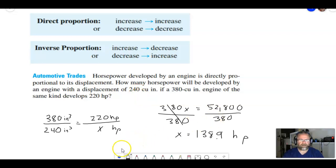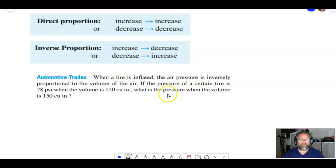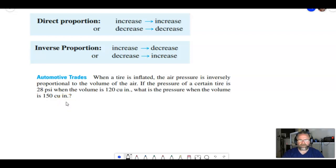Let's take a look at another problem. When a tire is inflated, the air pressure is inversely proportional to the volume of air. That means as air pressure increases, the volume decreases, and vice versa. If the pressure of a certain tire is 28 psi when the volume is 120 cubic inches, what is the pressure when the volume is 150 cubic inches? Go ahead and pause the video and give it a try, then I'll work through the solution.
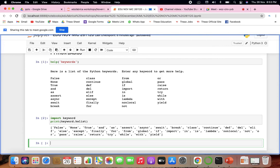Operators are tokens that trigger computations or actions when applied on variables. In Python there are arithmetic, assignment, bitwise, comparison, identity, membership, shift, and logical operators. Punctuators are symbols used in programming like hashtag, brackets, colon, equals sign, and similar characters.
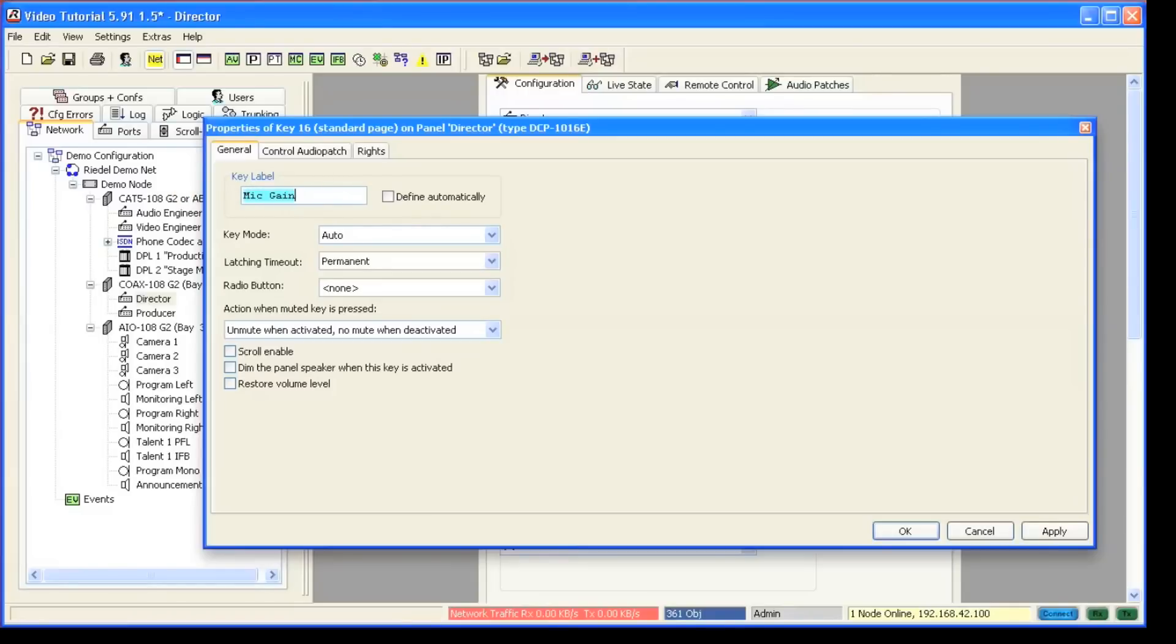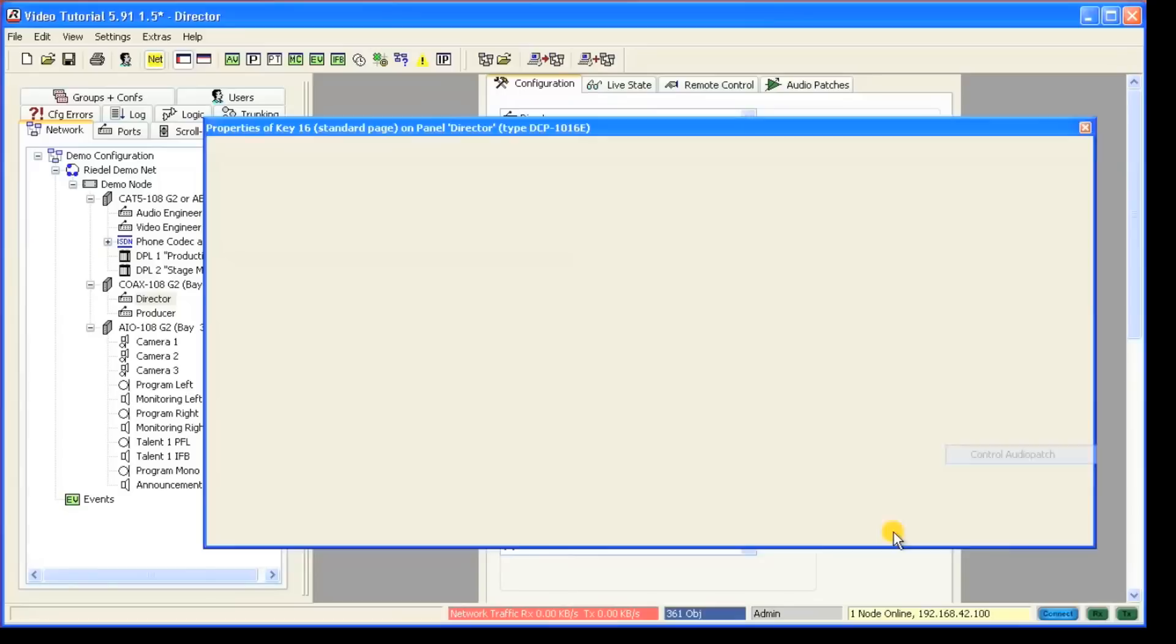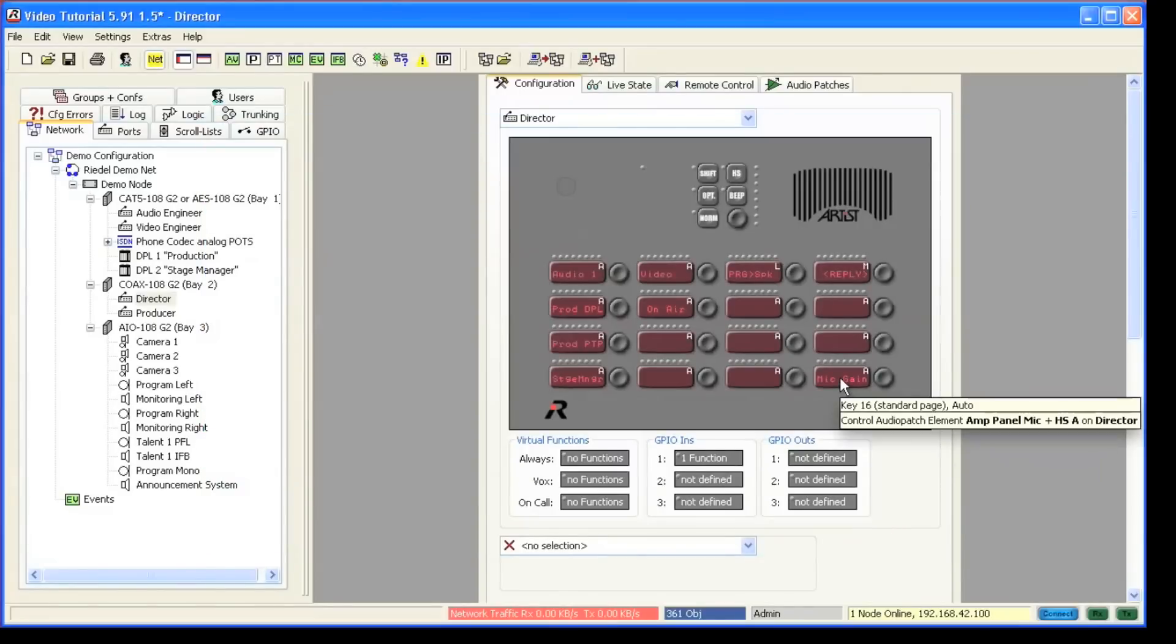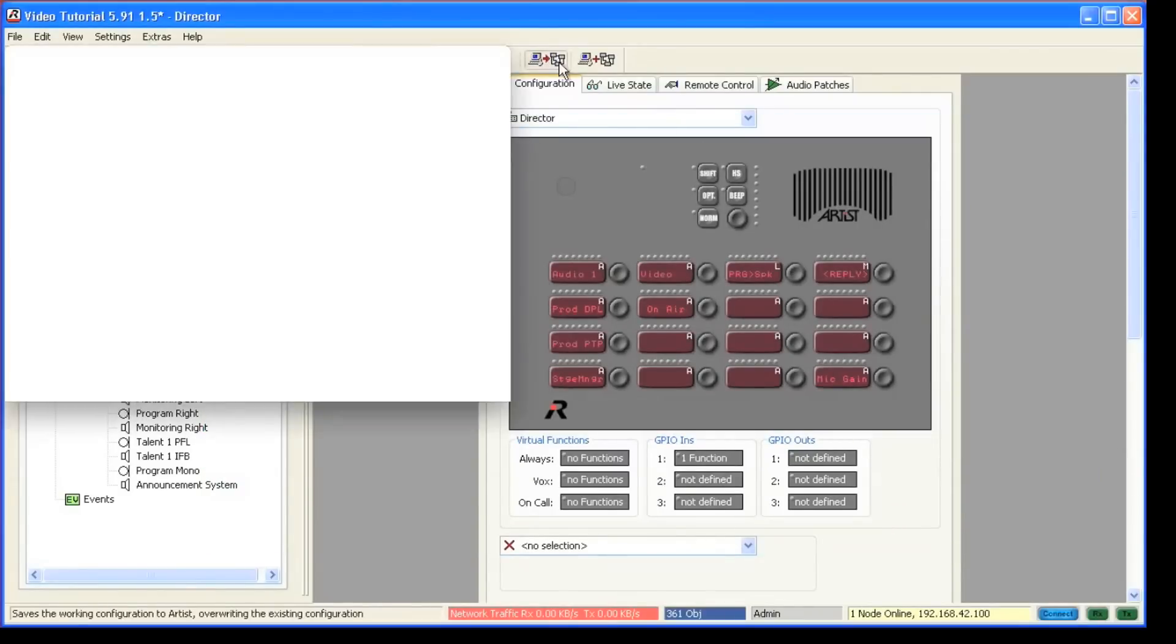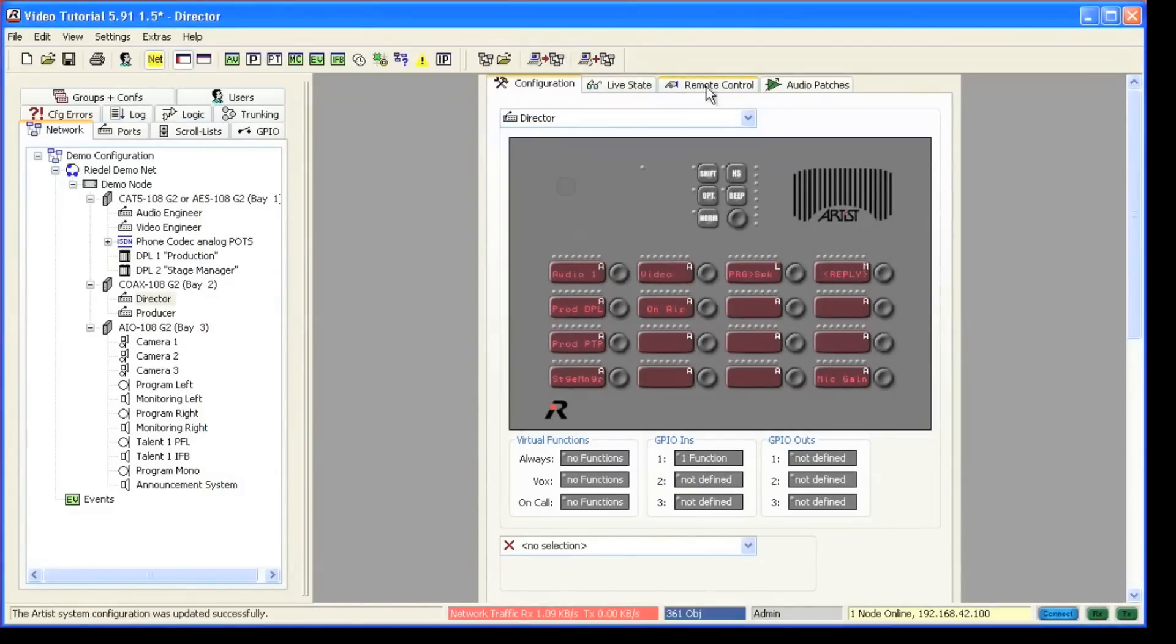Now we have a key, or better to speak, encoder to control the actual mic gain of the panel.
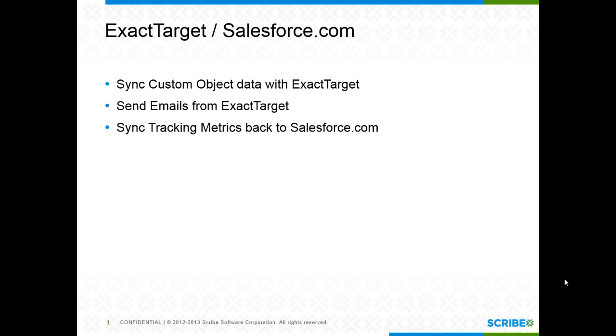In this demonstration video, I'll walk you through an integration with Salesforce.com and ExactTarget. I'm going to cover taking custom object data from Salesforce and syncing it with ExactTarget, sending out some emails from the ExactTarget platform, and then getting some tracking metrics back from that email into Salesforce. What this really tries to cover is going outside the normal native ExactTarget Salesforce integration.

THE PROBLEM — Print out all the material word for word but exclude any images.

RESPONSE TO THIS EXERCISE —
Let's take a look at another problem. When a tire is inflated, the air pressure is inversely proportional to the volume of air. That means as air pressure increases, the volume decreases, and vice versa. If the pressure of a certain tire is 28 psi when the volume is 120 cubic inches, what is the pressure when the volume is 150 cubic inches? Go ahead and pause the video and give it a try, then I'll work through the solution.
Operators are tokens that trigger computations or actions when applied on variables. In Python there are arithmetic, assignment, bitwise, comparison, identity, membership, shift, and logical operators. Punctuators are symbols used in programming like hashtag, brackets, colon, equals sign, and similar characters.
Now we have a key, or better to speak, encoder to control the actual mic gain of the panel.
In this demonstration video, I'll walk you through an integration with Salesforce.com and ExactTarget. I'm going to cover taking custom object data from Salesforce and syncing it with ExactTarget, sending out some emails from the ExactTarget platform, and then getting some tracking metrics back from that email into Salesforce. What this really tries to cover is going outside the normal native ExactTarget Salesforce integration.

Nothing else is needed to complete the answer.